My friends, the best “awakening” you could achieve is to avoid these hucksters like the plague.

However, if you do decide to play this game, recognize that it has only two important requirements that you must adhere to in order to participate and not to follow these two rules automatically disqualifies you from the game.

You cannot be awakened before you come to the workshop! If you are already enlightened, then I assume they won't even let you in the door (so wear your best hangdog face!)

In addition, you must accept their definition of “awakening’ for it to be the authentic, real McCoy, of "awakening." If you do fail to achieve it as defined, then I imagine there will be future workshops.

So, enjoy your "workshop"!
mikeS

Friday, February 13, 2009

Is "Be Here Now" Bullshit?


I have no problem with chemical 'states of consciousness,' since there really is no difference. You can interpret experiencing 'god,' on acid or meditating with your guru, it really doesn't matter, since it will be the ego that interprets it as an experience of 'god' based on whatever ideology the ego adopts as 'true.'

But is there an experience of something more than ego or even not ego involved in terms of making that interpretation? I believe there is a field of uninterpretable consciousness from which ego arises, but if I make such an interpretation from an experience, doesn't that assert ego ownership and therefore the interpretation will be tainted by ideological learning?

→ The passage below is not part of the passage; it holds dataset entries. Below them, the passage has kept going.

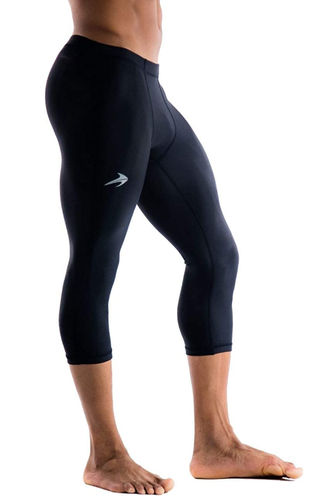 Men's CompressionZ Activewear 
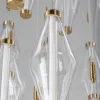 Каскадная люстра Citilux Tanna CL253050 CL253050 - 4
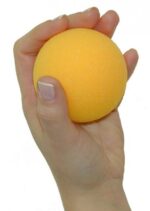 Farmacare Manus Abilis Pallina Riabilitazione Mano 1 pz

In fact, could we not say that all interpretations of a present moment are interpretations acquired from the past. For instance, you may have an experience that you interpret as "be here now" but if that experience is ego-self interpreted (and how could it not be), and all interpretations have an ideological viewpoint and must come from a 'self,' then it was learned from the past and therefore, IT IS the past that is applied to the experience. In other words, who or what from the past, taught you to interpret certain experiences as "be here now"?

This is why I take issue with all interpretive language, especially the sacrosanct, ideologically specialized concepts like "awakening," "enlightenment" "nirvana" "samadhi" "satori" etc, etc, etc.
Once I hear these ego-self interpretations of experience, I tend to figure that this was the paradigm going into the 'experience' and it's what's declared as 'truth,' coming out. The experience merely serves to further reinforce the ideology and bolster the ego-self.

Is there an "authentic awakening"? It seems there are numerous "awakenings" one could have, that do nothing but take an experience of normal "awakening" into a higher or more profound interpretation and if one achieves different states of consciousness (drugs or meditation) then clearly value will be applied to each episode of experience.

Much Hindu/Zen/Advaitist ideology revolves around 'awakening' levels and degrees. This seems to keep the enlightened fat-cats at the top, "yes, grasshopper, you may be awakened, but you are only first-level, novitiate awakened, not grand-awakened such as I" (a little Yoda humor).

The sacred ones tend to avoid me and I don't blame them, all this reductionism gets pretty tedious and discouraging. However, we all have egoic "frames of reference" and I think spiritual paths provide such 'frames.' They are very helpful in negotiating the world. However, I don't believe an ego-self can transcend itself employing the ideologies and practices currently advocated.

Yet, I don't totally disbelieve either. Nevertheless, if this is even possible, we'll need to really understand the underlying ego-self dynamics, that we spend our wholes lives ignoring, if we wish to find a way to go beyond the usual interpretations of 'enlightenment,' 'awakening' or 'god.'

mikeS

Monday, February 9, 2009

CONVERSATIONS WITH EGO: "Awakening"


Mike: WOW! Unbelievable! HaHa! I now finally realize what “Awakening” is!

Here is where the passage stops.